[[ Information shown open ]]
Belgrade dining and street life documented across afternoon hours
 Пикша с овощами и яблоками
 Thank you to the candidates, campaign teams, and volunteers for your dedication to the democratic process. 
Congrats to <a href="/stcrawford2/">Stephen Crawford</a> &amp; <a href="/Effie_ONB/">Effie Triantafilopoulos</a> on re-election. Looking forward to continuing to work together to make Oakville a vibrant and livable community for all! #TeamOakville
[[ Information shown closed ]]
> [Exercise]: Every line of the data above belongs in the answer, unchanged.

> [Task result]:
Belgrade dining and street life documented across afternoon hours
 Пикша с овощами и яблоками
 Thank you to the candidates, campaign teams, and volunteers for your dedication to the democratic process. 
Congrats to <a href="/stcrawford2/">Stephen Crawford</a> &amp; <a href="/Effie_ONB/">Effie Triantafilopoulos</a> on re-election. Looking forward to continuing to work together to make Oakville a vibrant and livable community for all! #TeamOakville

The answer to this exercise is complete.